Le rôle des revues et des fédérations de ciné-clubs est à prendre en compte pour la propagation des éléments d’analyse critique en faveur de films « de qualité » et de la diffusion de l’information sur des œuvres peu connues. 

À partir des années 1960-70, et sous l’influence des instituts de filmologie et des enseignements de cinéma à l’université, des débats plus théoriques circulent entre sémiologues et politiques (Barthes, Metz/Pasolini).

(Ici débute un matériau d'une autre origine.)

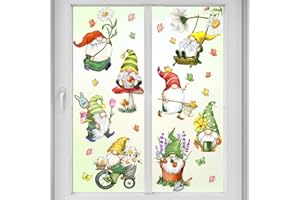 Mfault 9 Sheets Spring Gnomes Flowers Window Clings, Floral Daisy Tulip Lavender Glass Stickers Decals Decorations, Butterfly Mushroom Bicycle Swing Home Kitchen Decor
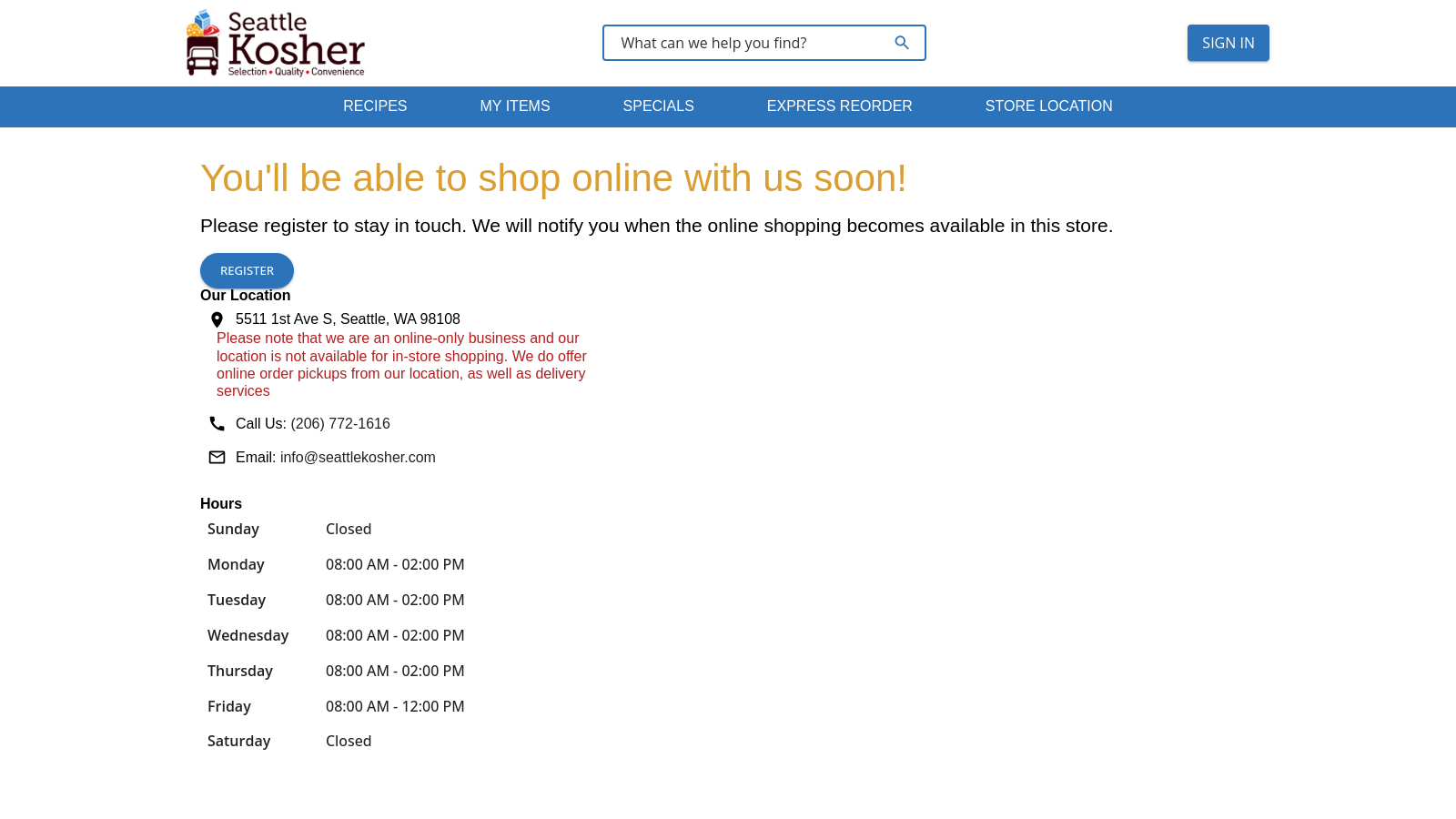 SeattleKosher.com Warehouse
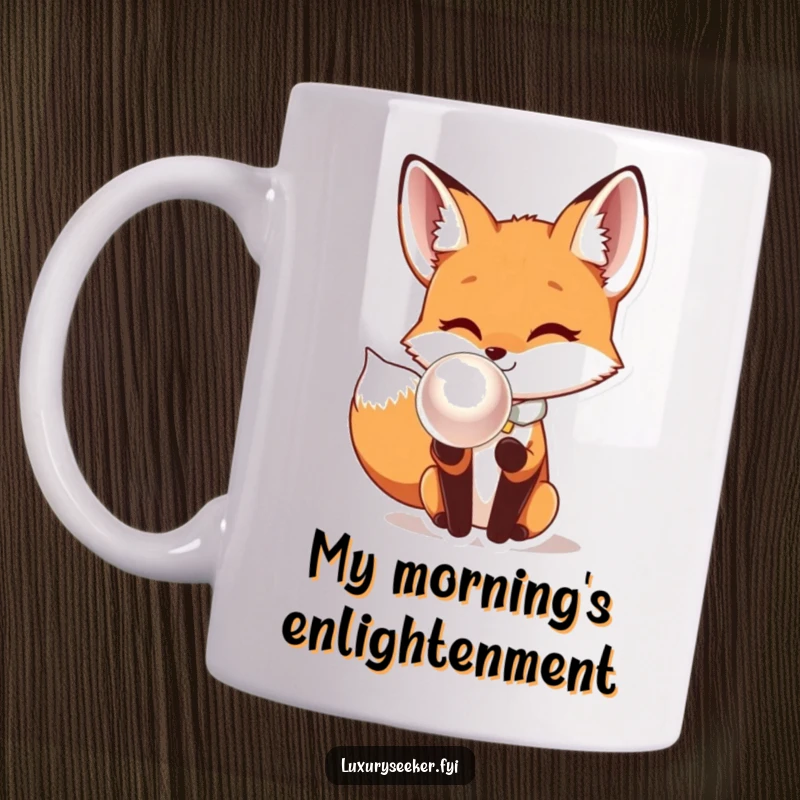 Funny Fox Mug: A curious fox in a silk bow tie inspects a giant shimmering pearl, exuding sophisticated humor and charm.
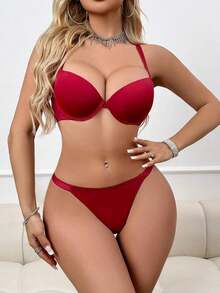 2pcs/Set Women's Underwear (With Underwire) - Brown - View 1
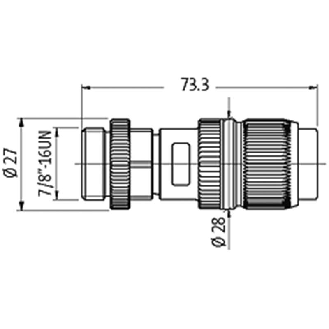 7/8''A Mâle Droit 5p; Bornes guillotines (x5) 0.75-1.5mm², 6.8-9.5mm-Lire la description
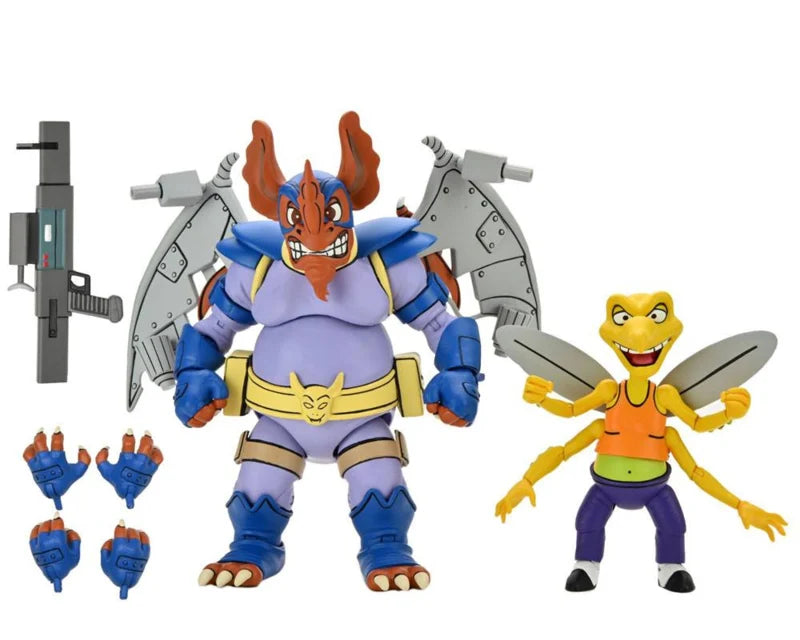 Pack de 2 figuras de acción de Neca de las Tortugas Ninja (1987) Wingnut & Screwloose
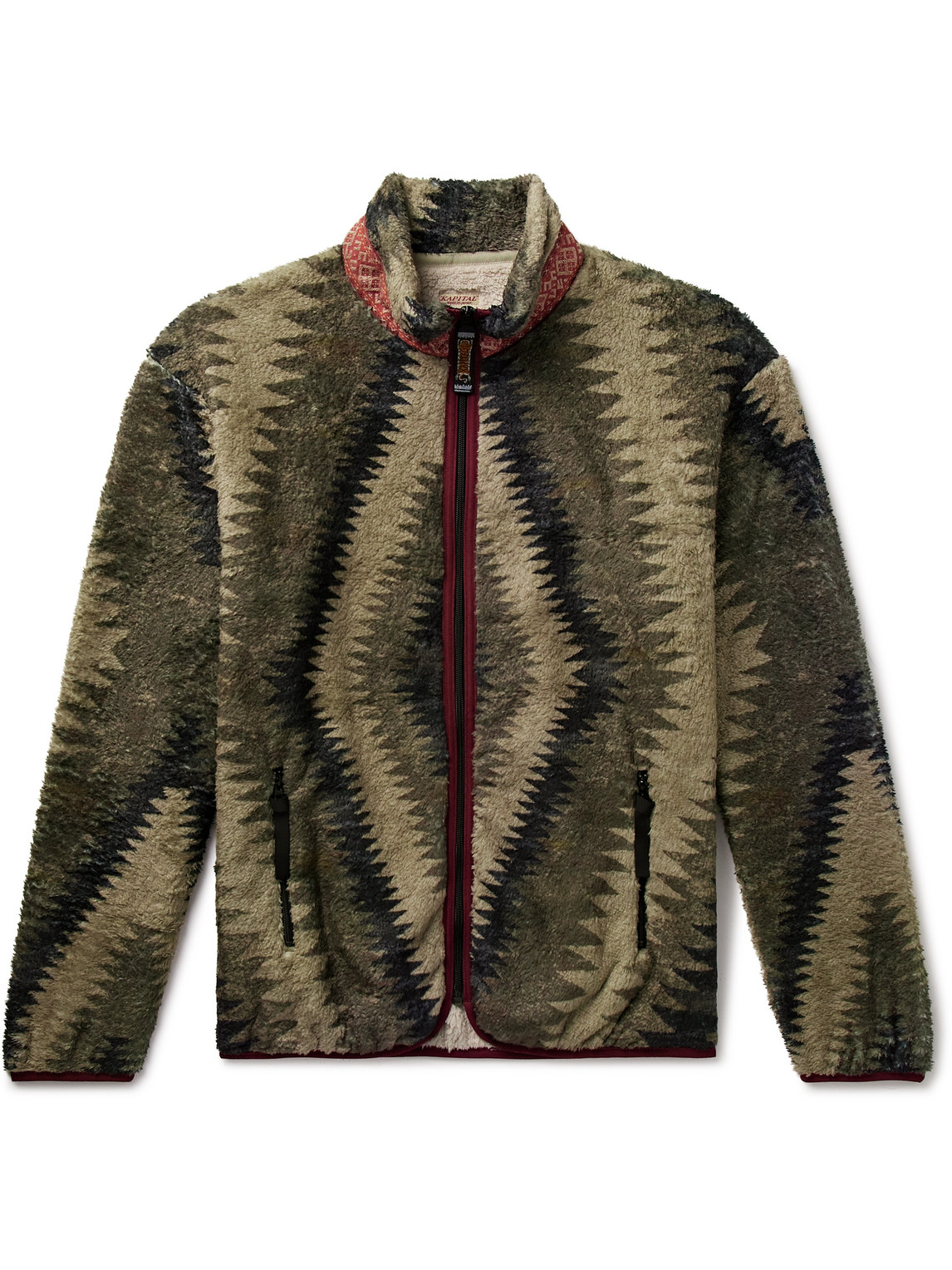 Shop Kapital Jacquard-trimmed Printed Fleece Jacket In Green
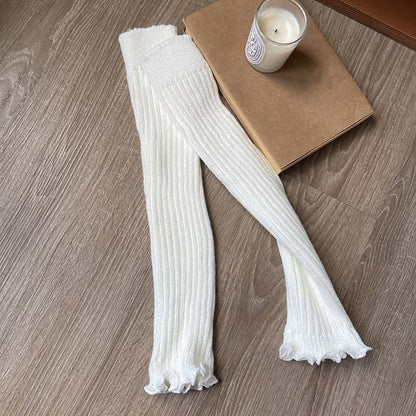 Plain Lettuce Edge Knit Leg Warmers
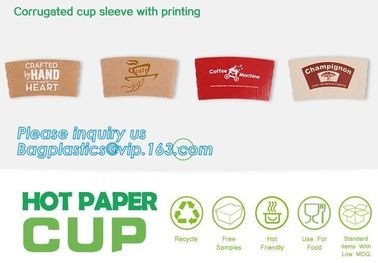 Biodegradable cup sleeve, Corrugated up sleeve with printing, brand logo, hot paper cup,cup sleeve, recyclable sleeve pa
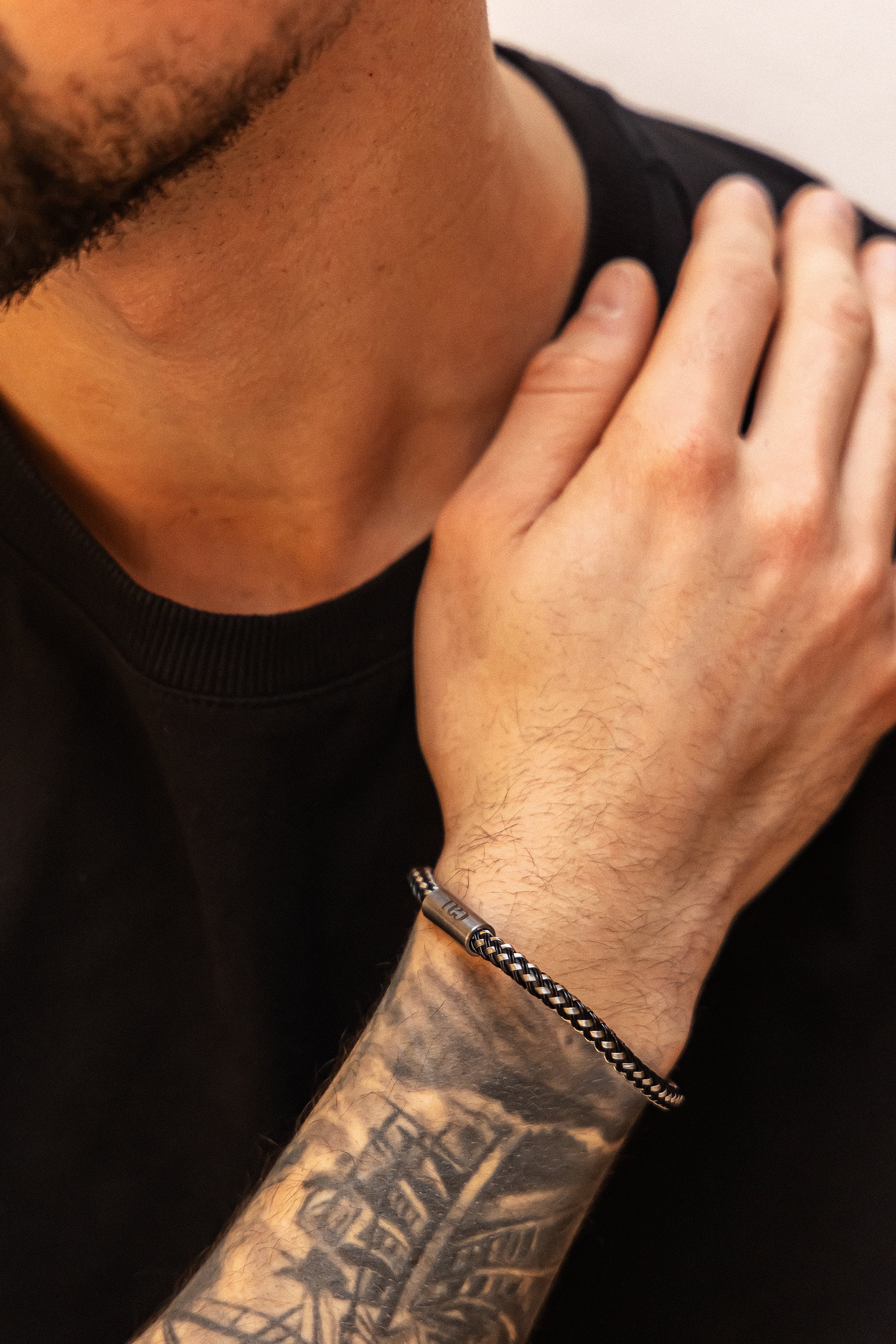 Armband Lederarmband schwarz 21cm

L’apparition de nouveaux médias et leurs configurations sociotechniques (TV, puis écrans d’ordinateurs, smartphones, abonnements à des réseaux, plates formes…) vont modifier l’accès aux films et vider peu à peu les salles de ciné-club (Hoare, 2017).

Les travaux croisant histoire du cinéma et de l’éducation des adultes existent comme le montrent la rédaction d’un ouvrage sur la réception d’un film de formation d’adultes (Laot, 2014), l’intervention de Pascal Laborderie dans un précédent séminaire du Gehfa sur le cinéma éducateur entre les deux guerres, la thèse de Léo Souillés-Debats, soutenue en Arts, celle aussi de Christophe Gauthier (2000) et celle en cours de Vivien Soldé sous la direction de F. Laot. La question du cinéma ouvrier, jusque-là, peu connue mais présente, cependant dans la recherche de C. Gauthier (1999) vient d’être documentée grâce au doctorat de Luis Felipe Cezar Mundim (2016).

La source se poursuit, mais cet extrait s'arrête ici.